IVV29

37 9 7
                                    

                Bir noktada anlamalısın ki; bazı insanlar kalbinde kalabilir                                                                                                                                                                                                                      ama hayatında kalamaz. 
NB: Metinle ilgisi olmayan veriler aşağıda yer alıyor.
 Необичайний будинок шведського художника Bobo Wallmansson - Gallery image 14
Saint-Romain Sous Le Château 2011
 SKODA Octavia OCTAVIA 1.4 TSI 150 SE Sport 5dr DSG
Uzandığım yerden artık sırtımın tutulduğunu hissettiğimde uyanıp acı dolan gözlerimi güne açtım lakin bu uğraşım kısa sürmüş, göz kapaklarım bildiğini yaparak tekrar kapanmıştı. Ellerim ensemle sırtım arasında gideceği yere kararsız kalırken sola dönüp gelişi güzel arkaya uzattım ve belime hafiften parmaklarımı bastırdım, neredeyse ağrıyla inleyecektim. Yerde uyumak- özellikle sadece bir halı üzerinde uyumak yapılması en yanlış işti.
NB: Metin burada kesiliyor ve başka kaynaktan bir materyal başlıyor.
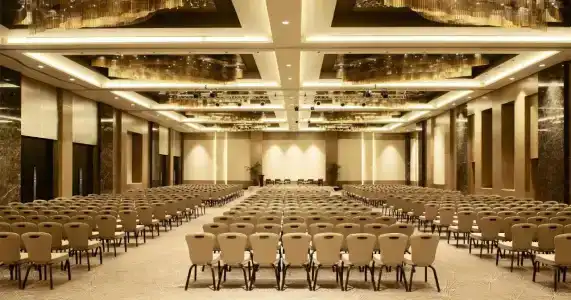 Fairmont Baku, Flame Towers - 18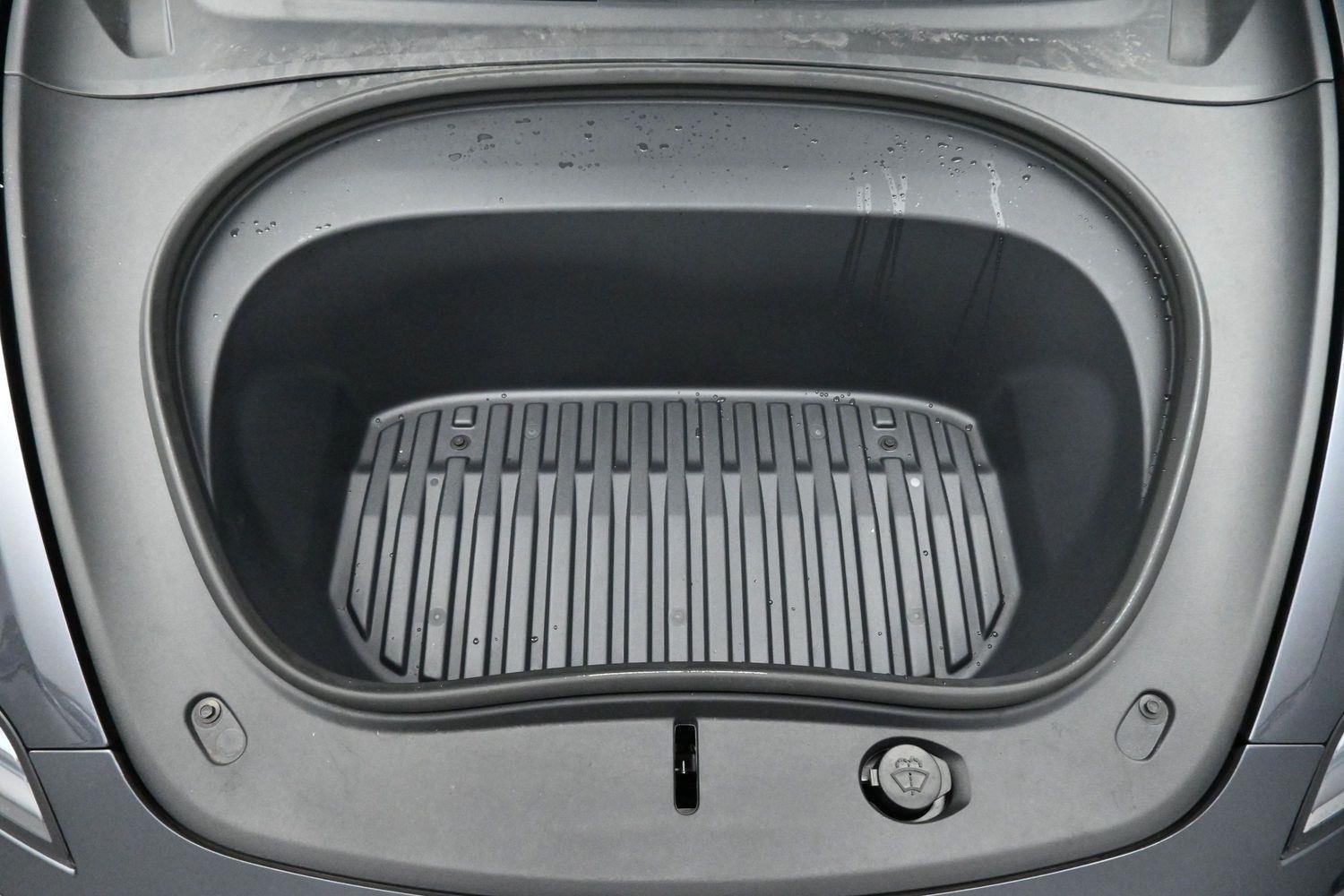 Used 2025 Tesla Model 3 Long Range RWD image 34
Acıyla kasılan yüzümü, elimi belimden çektiğim anda büyük bir solukla düzelttim. Parkeye sertçe çarpan adımlar ve kulağıma dolan bir tür uçan böcek sesini idrak ederek; gözlerimi sıkı sıkıya kapattığım yerden açtım ve hemen kafamı koyduğum halının üzerine konmuş yusufçuğu gördüm. Nefesim rutinliğini bozuyor ve irislerimde yüzen bulanıklılığın yerini netlik alıyordu.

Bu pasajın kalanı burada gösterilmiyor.